If you’re after the ultimate challenge, head for La Alpujarra in the Sierra Nevada and have a crack at summiting Mulhacen – mainland Spain’s highest mountain at 3478m. Generally, climbers split the hike across two days. Day one is all about getting to the isolated refuge – a 20km hike along the Camino de la Sierra unless you opt for the minivan which will drop you at the top of the hill about 5km away. Day two will leave you breathless. There are two or three ways to the summit, all marked with little rock piles. I went last year and took the steepest route, but we made it in good time. The 3-4 hour return leg down to Trevelez was the hardest on the calves and knees. My advice: walk back along the road to Capileira!

2) Rock-climbing

things to do in granada, spain, rock climbing, los cahorros
Can you make out the climbers at the bottom?

Personally, I’ve never been rock-climbing in Granada – I’ll admit, I’m too scared – but man alive have I seen some gnarly rock faces being scaled like they were mere garden fences.

Most recently, in Monachil (yes, again), during our walk through Los Cahorros we passed a few climbers beginning an ascent. I couldn’t tell how high it was from the bottom as there was an overhang. It wasn’t until we took the high road on our way back did we realise the sheer size of the rocks they were climbing. Talk about balls. These guys’ cojones were so big they had their own safety harness.
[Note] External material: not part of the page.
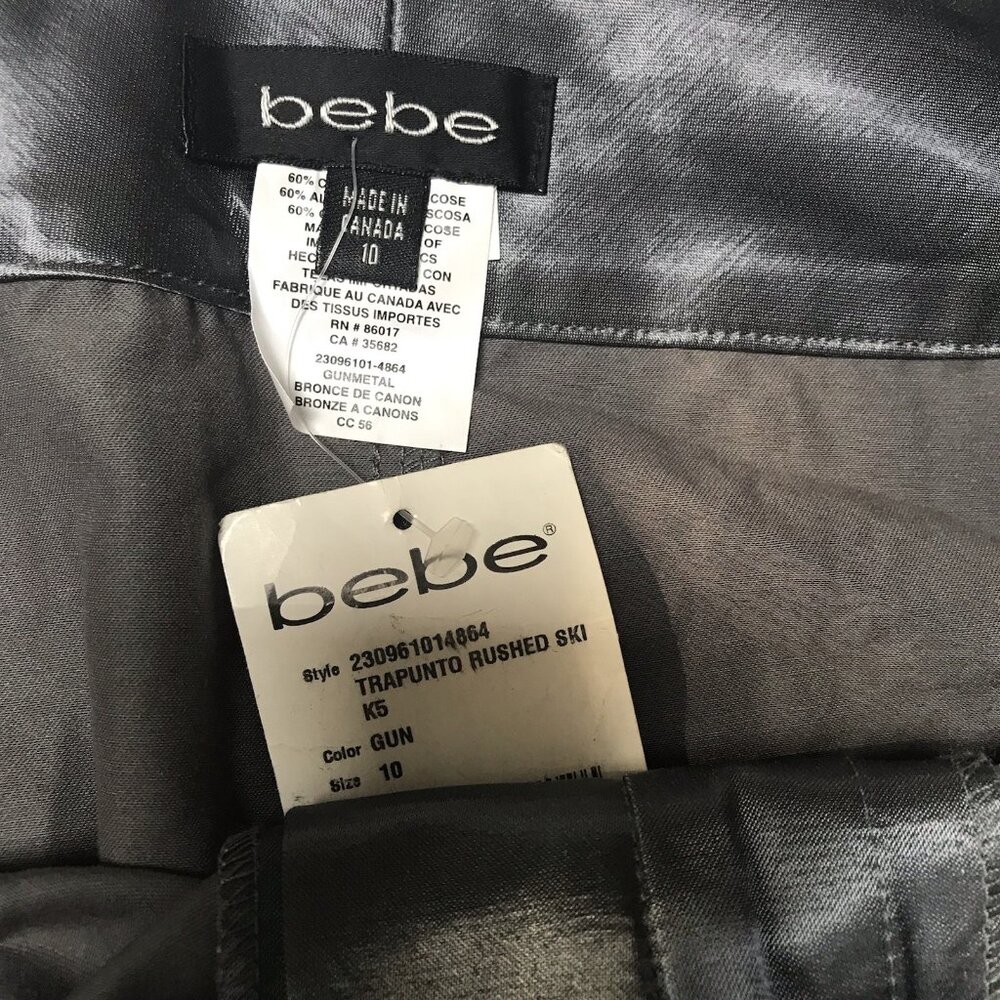 Vintage Y2K Bebe Skirt Womens 10 Metallic Ruched Rave Club Disco McBling Party - Picture 6 of 16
I’ve no doubt there are plenty of other rock-climbing spots near Granada, but I know Monachil is very popular. If you’d like more information, Wayne is your man.

3) Mountain Biking

things to do in granada, spain, mountain biking, quentar
Mountain biking 12km up to Quentar, Granada.

Cycling is taken very seriously in Granada. Just about every day you’re bound to see a herd of skin-tight, brightly-coloured lycra-wearing dudes pedalling laboriously into the city after climbing God knows how many kilometres of dusty road. I am in awe of their fitness and will to endure such suffering.

But I know how good it feels to get to the top. Back when I had an awesome bike before it was stolen (grr), I would, occasionally, push and pedal my way 12km up to Quéntar, where a huge, turquoise-blue reservoir – mirage-like when you turn the final corner – is the perfect place for a swim. It is also the site of an enormous dam and the view from the bridge is quite simply epic. On a very rare occasion – perhaps once or twice – I resisted the temptation to cool off in the lake and carried on to Güéjar de Sierra, a Granada town 1,100m high and very close to the Sierra Nevada ski resort. From here you can see the peaks of Veleta and Mulhacen (see above) but alas, there is no swimming.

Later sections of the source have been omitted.